The information in this Form 8-K and Exhibit 99.1 attached hereto shall not be deemed “filed” for purposes of Section 18 of the Securities Exchange Act of 1934, as amended, and is not incorporated by reference into any filing of Rightside, whether made before or after the date hereof, regardless of any general incorporation language in such filing.
Rightside makes reference to certain non-GAAP financial measures in the press release and will make reference to these same measures in its related earnings conference call. A reconciliation of these non-GAAP financial measures to the most directly comparable GAAP financial measures is contained in the attached press release.
Item 5.02Departure of Directors or Certain Officers; Election of Directors; Appointment of Certain Officers; Compensatory Arrangements of Certain Officers.
On November 5, 2015, Shawn Colo tendered his resignation, effective November 9, 2015, as a director of Rightside in order to pursue other opportunities.

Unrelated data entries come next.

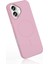 iPhone 16 Broş Magsafe Kapak - Siyah - NEONX9086-1406 3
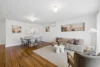 266 Sportsmans Drive, West Lakes, SA 5021-Image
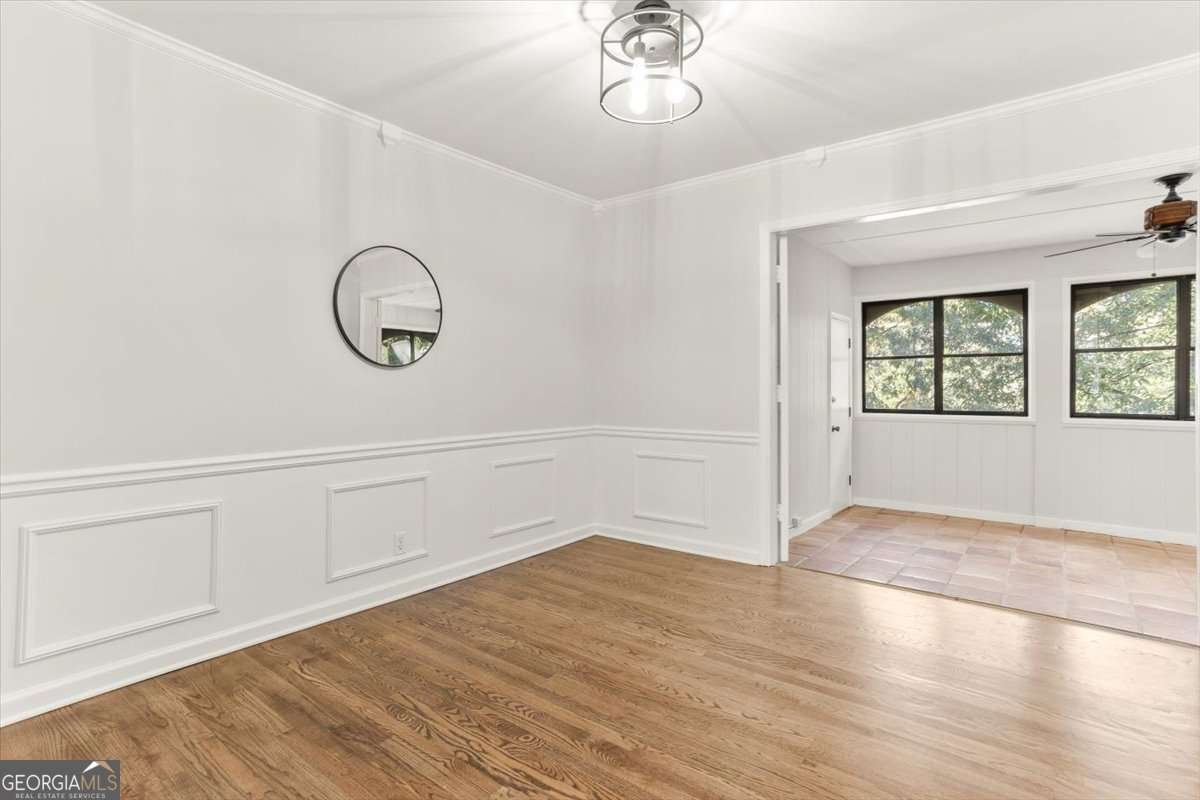 61 Lamsden Lane Atlanta - Photo 8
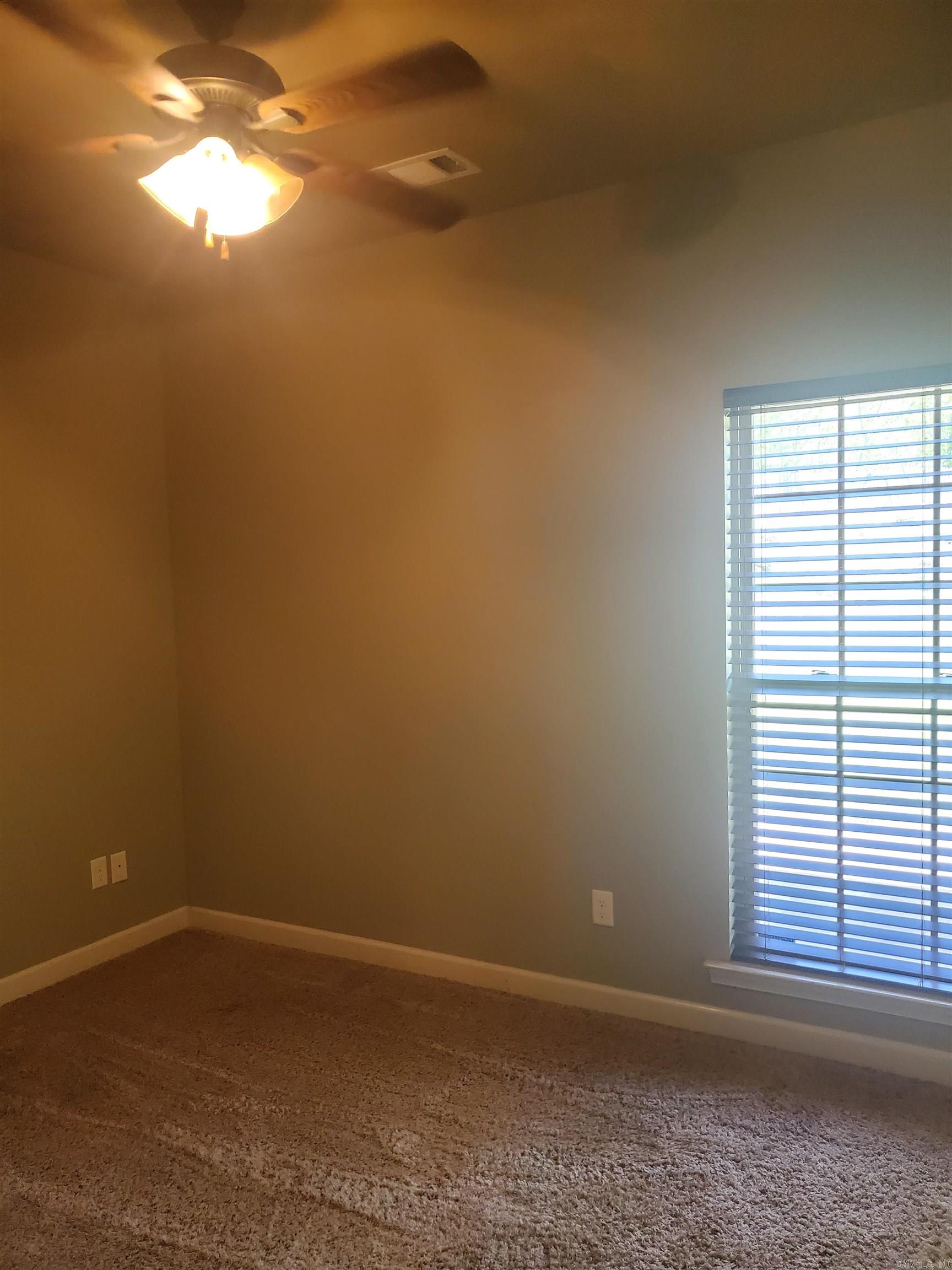 Springhill Village - Residential Lease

His resignation was not as a result of any disagreement with Rightside relating to its operations, policies or practices. In recognition of Mr. Colo’s services to the company, Rightside accelerated the vesting of 8,389 shares of unvested restricted stock units previously awarded to him, representing the number of restricted stock units that would have otherwise vested through November 25, 2016.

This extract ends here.